Speaking on the 2024 Digital News Report – released this week and finding that local news is the most underserved news genre – Stuchbery told Mediaweek that these pressures have also caused fewer journalists to be on the ground covering local news stories across the country.

“It’s not surprising that audiences are left wanting information that’s directly relevant to them – local news,” she said.

“While there are many newsrooms around the country striving to meet that need, it’s a tough space to build a sustainable business model.”

The report found that local news has the biggest gap between availability and audience interest. Researchers compared the gap between audience interest in news topics and the proportion of people who say there is adequate availability of news on that topic.

The results saw local news emerge as the most under-served news genre, with an availability gap score of 25, followed by international news at 21, and news about crime and personal security at 19.

To close the gap, Stuchbery says LINA helps support existing newsrooms to provide the local news audiences’ needs and wants, and to help emerging newsrooms get established.

“There is significant opportunity in this space to respond to the news needs of audiences across Australia, but we’re finding publishers really struggle to do it alone, so it takes organisations like LINA and others, in partnership with the philanthropic sector, government and state and national news providers to meet that gap and ensure the news ecosystem as a whole is serving communities well.”

Local news

According to the report, created by the University of Canberra and Reuters Institute, regional consumers are less likely to believe that the news media are doing a good job performing the various roles than people living in metropolitan areas.

Regional respondents were less likely to say the news is doing a good job at delivering news that makes them feel connected to others in society. Only 26% said news makes them feel better about the world, much lower than city dwellers (43% and 36%, respectively). 

Writing in the report, Karen Percy, federal president, media section at the Media Entertainment and Arts Alliance, said the “public” needs to be put back into public interest in journalism.

“Audiences are once again declining. So too is trust in the media,” she said.

“If we are to slow or even reverse this, we must listen to our audiences – even then they are telling us things we don’t want to hear.

“The pressures on day-to-day news journalists are intense as they navigate a 24/7 news cycle, the constant threat of job cuts, filing across platforms, and the outsized role of social media.

“Many of the editorial decisions that upset viewers or readers or listeners are not made by rank-and-file journalists.
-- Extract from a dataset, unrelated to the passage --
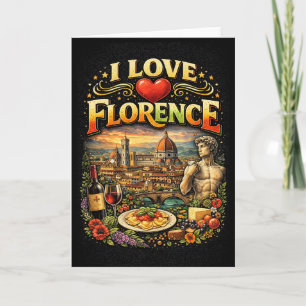 Tarjeta Festiva Amo Florencia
They are made by the higher-ups based on clicks or commercial considerations.

“The answer is in reaffirming public interest, ethical journalism with appropriate checks and balances. The answer is in better-resourced newsrooms with a focus on quality and accuracy, and support for journalists. The answer is in slowing down, getting the story right, checking, then checking again. The answer is in thinking about what the audience needs and wants from us—not peddling outrage, partisanship, and confected conflict. The answer is in diversifying newsrooms so they reflect and represent the contemporary Australian public the audiences—they seek to serve.”